The Brentwood location joins Tinseltown and Lynn Valley's fate. All fish and equipment, small animals etc 50- 80 percent off


----------



## smash

Anything left there or has this been going on for a while now? I might head down there tomorrow if they still got stock left.

Does the 50-80% off include plants as well?


----------



## JUICE

probally a good idea since the dogs come from puppy mills , so ive heard and read in numerous papers !!


----------



## poiuy704

are they selling off their tanks and equipment?


----------



## SeaHorse_Fanatic

JUICE said:


> probally a good idea since the dogs come from puppy mills , so ive heard and read in numerous papers !!


Used to work for Pet Habitat back in the 80s. Yes, puppy mill pups. We tried to convince the owners to buy from local breeders but the low prices (with crappy health) was too tempting. I was in charge of their fish sections at the Richmond Centre, Lougheed Mall & Champlain Mall back in the day. Haven't shopped there since I quit.

Anthony


----------



## Ra's al Ghul

Everything's on sale, the rent is crazy in malls. The only locations that do well are Metrotown and Richmond. My favorite is Roberto's pet Habitat Coquitlam,great store way better than any mall store or box store. It's going to be weird not seeing the store anymore,I grew up shopping at the location and then found Big ALS, Hastings Aquarium, Aqua world,Mikes pet boutique and King Eds. The good old days a sad day losing another fish store.


----------



## Victor

Are there still lots of stuff? Is it worth the visit?


----------



## Rastapus

Very sad to hear this, mall stores are essential for peaking interest in the aquarium trade.


----------



## teija

Sad to hear of another mall store closing. When I was a kid I used to LOVE going past the pet stores!

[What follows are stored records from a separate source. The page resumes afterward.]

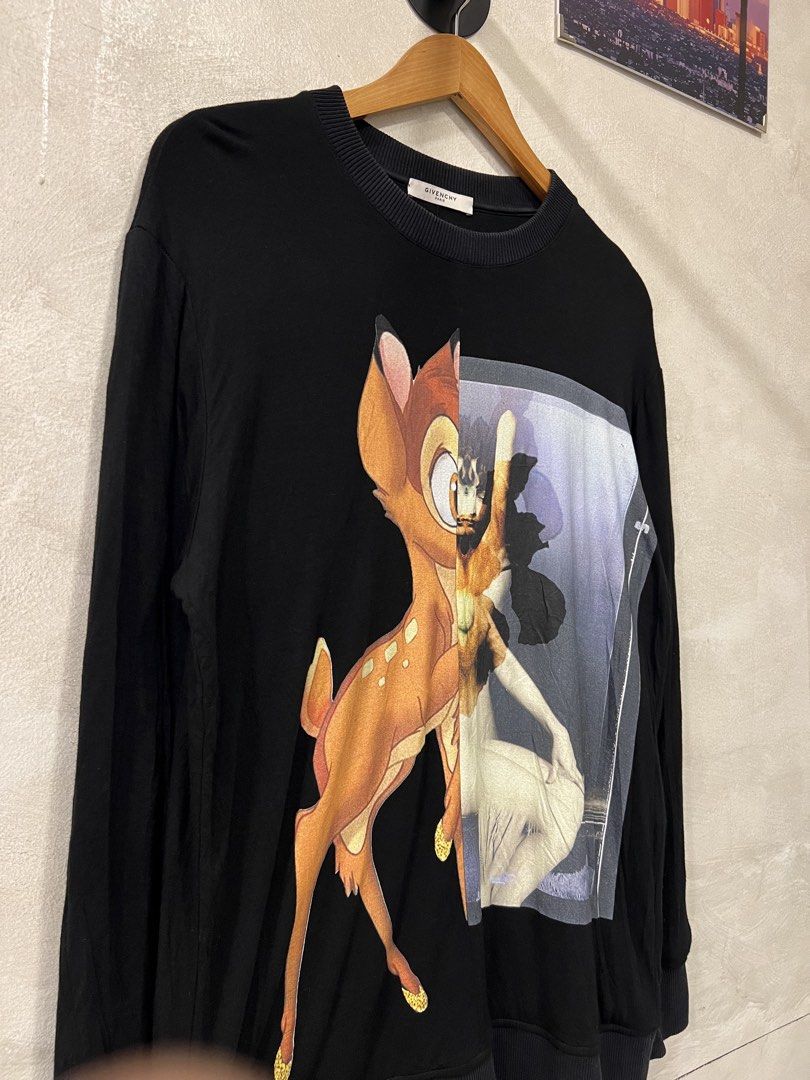 Givenchy Bambi Graphic Print Crewneck (Category: Others Tops) located in Quezon City. Submitted by shanks. (Listing ID 1462098708, Image 3). Description: This is a black Givenchy crewneck sweatshirt featuring an iconic split graphic of Bambi alongside a vintage portrait collage. Size : Large Dimensions : Length: 29 inches Width: 21 inches Shoulder : 19 inches Sleeve :23 inches Sign of wear in good condition .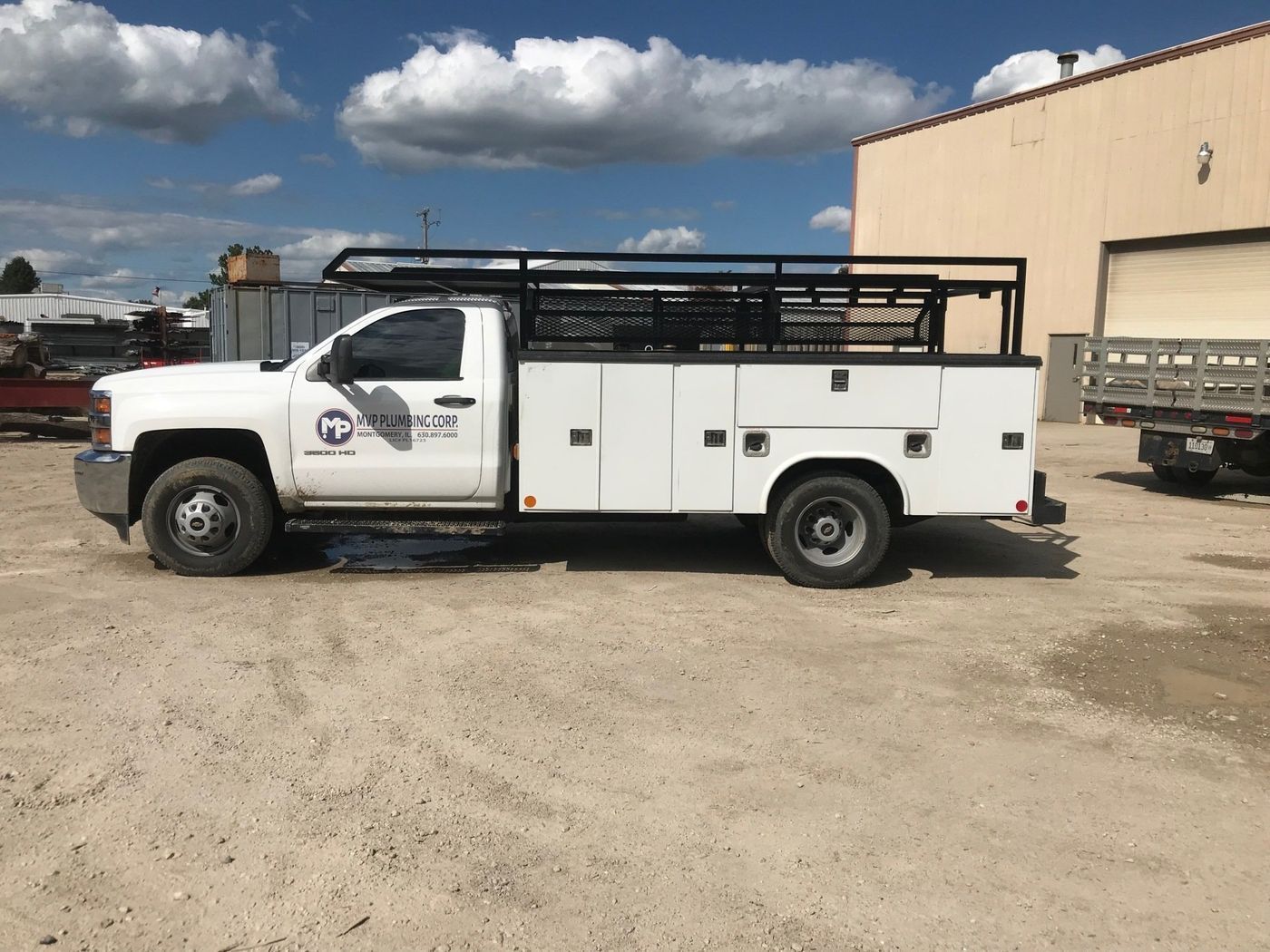 A white utility truck is parked in a dirt lot in front of a building.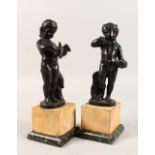 AFTER THE ANTIQUE. A PAIR OF BRONZES OF CUPIDS on marble plinths. 11.5ins high.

Anthony: Did you work at the Richmond Centre Pet Habitat back in the day when they were at the middle of the mall? I used to LOVE all of the funky acrylic tanks that had the tube/tunnels connecting two sections.


----------



## Algae Beater

very sad ... LFSs are dying off ... does not bode well for the hobby in BC if a simple pet store struggles to stay open in a high-traffic mall


----------



## tony1928

high traffic mall rents are just way too expensive for pet stores nowadays. Very sad indeed. As Grant said, most kids get their first exposure to pets at these shops. I know I did.


----------



## Victor

tony1928 said:


> high traffic mall rents are just way too expensive for pet stores nowadays. Very sad indeed. As Grant said, most kids get their first exposure to pets at these shops. I know I did.

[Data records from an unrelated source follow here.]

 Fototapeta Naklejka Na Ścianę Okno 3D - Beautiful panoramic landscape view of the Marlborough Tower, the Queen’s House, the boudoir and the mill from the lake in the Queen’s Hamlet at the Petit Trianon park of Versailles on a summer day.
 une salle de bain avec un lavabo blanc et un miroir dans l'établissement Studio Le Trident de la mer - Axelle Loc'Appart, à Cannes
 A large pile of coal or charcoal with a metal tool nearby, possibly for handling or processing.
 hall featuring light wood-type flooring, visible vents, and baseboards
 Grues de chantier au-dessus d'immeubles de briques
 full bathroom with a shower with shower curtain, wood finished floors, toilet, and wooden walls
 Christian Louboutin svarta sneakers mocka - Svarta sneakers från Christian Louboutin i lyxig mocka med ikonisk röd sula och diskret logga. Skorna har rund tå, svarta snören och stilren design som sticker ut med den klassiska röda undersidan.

Me too, my first exposure to fish was at Perky's Pets in Champlain Mall in Vancouver LONG time ago


----------



## Ra's al Ghul

Wasn't Perkys in New west only ?.


----------



## Algae Beater

either way high rent and low margin and abusively marketed items and livestock are a deadly mix for ANY LFS


----------



## SeaHorse_Fanatic

Victor, you're thinking Pet Habitat in Champlain mall. I used to work there & ass. manage it during the late 80s.


----------



## Victor

SeaHorse_Fanatic said:


> Victor, you're thinking Pet Habitat in Champlain mall. I used to work there & ass. manage it during the late 80s.


Hmm, I'm pretty sure the last name before the huge change to Champlain mall was perky pets. I remember Eric, the equipment guy, moved onto king Ed's from there before retirement

It's pretty cool that you use to work there, did you leave before the 90s? I first shopped there in the mid 90s


----------



## SeaHorse_Fanatic

Yup. I was mainly at the Richmond Centre Pet Habitat. Then when they sold the Champlain one to a Korean stockbroker whose only experience was keeping a betta, they transferred me over part-time to help him learn the biz (but he wouldn't pay attention or bother trying to learn the biz).


----------



## Ra's al Ghul

Eric is now managing Fantasy Aquatics.


----------



## shelby67

Eric retired? Ha maybe semi... I ran Into him at fish world In langley, i havent seen him in forever....


----------



## Victor

Is that the same Eric that everyone is talking about at Fantasy Aquatics? Awesome, I gotta go visit him. I remember I use to think of him as a grump lol, but once you got to know him he was a very nice guy


----------



## Ra's al Ghul

Eric is giving away live stock for almost free at Fantasy, unreal prices. He has worked as a Manager at several stores. Also he opened up a bunch of stores in the lower mainland. Always a great guy to chat with.


----------



## samw

SeaHorse_Fanatic said:


> Used to work for Pet Habitat back in the 80s. Yes, puppy mill pups. We tried to convince the owners to buy from local breeders but the low prices (with crappy health) was too tempting. I was in charge of their fish sections at the Richmond Centre, Lougheed Mall & Champlain Mall back in the day. Haven't shopped there since I quit.
> 
> Anthony


I worked at the one in North Delta in the 80's.


----------



## msjboy

Seems pet fish is a slowing business? I remember when wakmarts, zellers even woolworths having livestock but no more.there also used to be a fresh water fish store at highgate mall before they demolished the place.
Msjboy


----------



## Victor

msjboy said:


> Seems pet fish is a slowing business? I remember when wakmarts, zellers even woolworths having livestock but no more.there also used to be a fresh water fish store at highgate mall before they demolished the place.
> Msjboy


Well..places like Walmart should never have carried fish anyways. A lot of big chain box stores like Walmart really provided little to no care for their fish. It was a blessing for the fish world for places like them to stop.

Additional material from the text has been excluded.